Monday, July 15, 2013

"What do cameras and combat have in common? Neither seem to be going away"



Via NPR The Picture Show


What Do Cameras And Combat Have In Common?

"For me it's about the impact of war as it relates on a very basic human everyday life," says New York-based photographer Nina Berman, who has been photographing wounded veterans since 2003. Her image titled "Marine Wedding," made in 2006, captures a moment between Marine Sgt. Ty Ziegel and his bride on their wedding day. Ziegel was seriously wounded by a suicide car bomber in Iraq and spent 19 months in recovery.

"In that moment I saw a shellshocked couple," says Berman. "That is what war does. It disturbs, distresses and changes the normal lovely course of life."

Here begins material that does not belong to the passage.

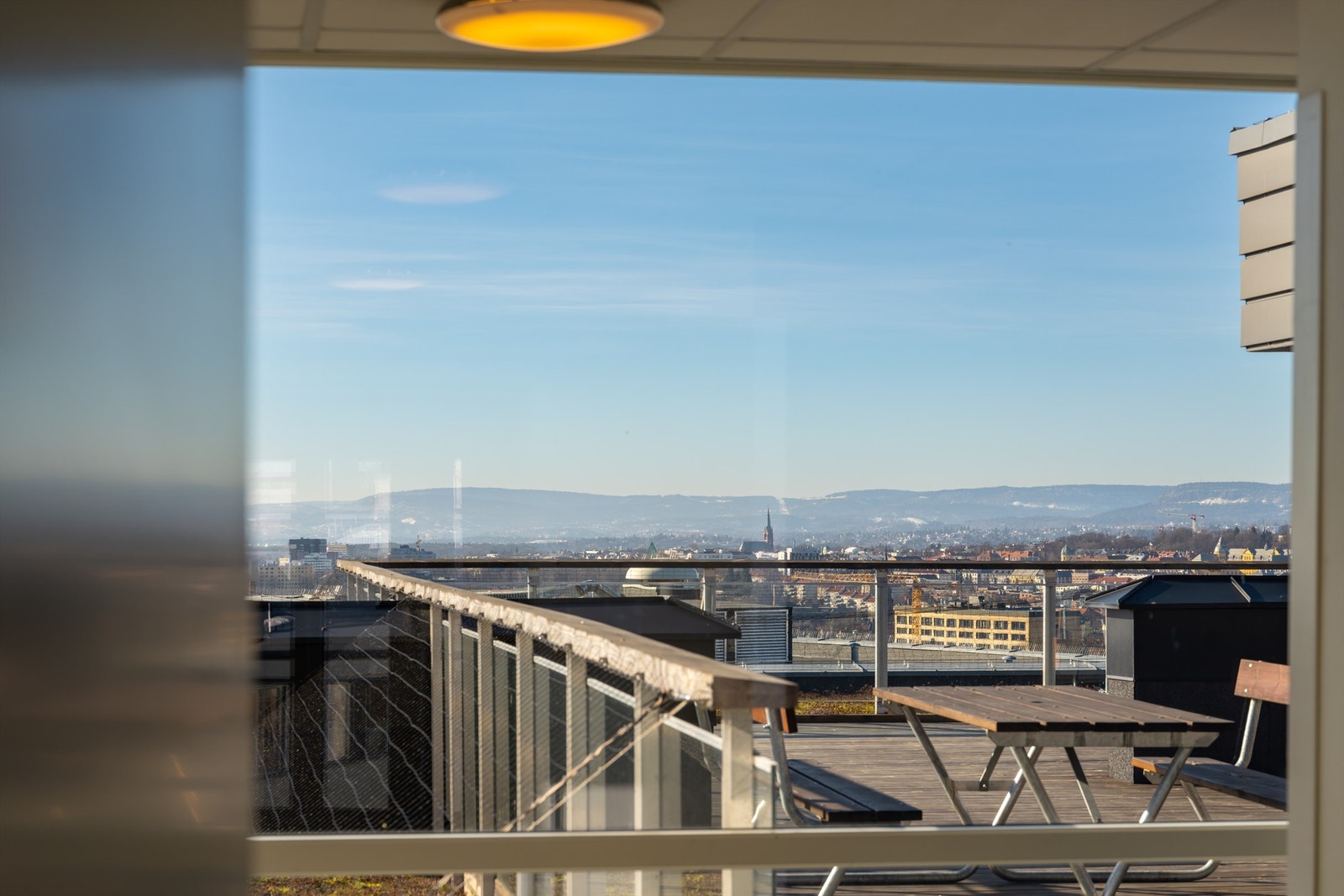 Utsyn fra entré til felles takterrasse. Galleribilde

The image itself has had a life of its own, garnering Berman a World Press Photo Award and launching Ziegel into the national spotlight to discuss the failures of veteran care.
Years later, Berman sees the image as less about the couple and more of a symbol of the impact of war.

"I think that people can be taken aback by how [Ziegel] looks," she says, "but there are a lot of people that look like him. He wasn't a freak, an anomaly; that's what this war has done. People who would have died are surviving. That is the reality."

Berman's voice shuddered as she spoke about Ziegel's passing late last year. She says she often wonders: What does it all amount to?

If you strip war of its historical and political context, it seems, what you are left with is simply to wonder: Why has war been a constant throughout human history?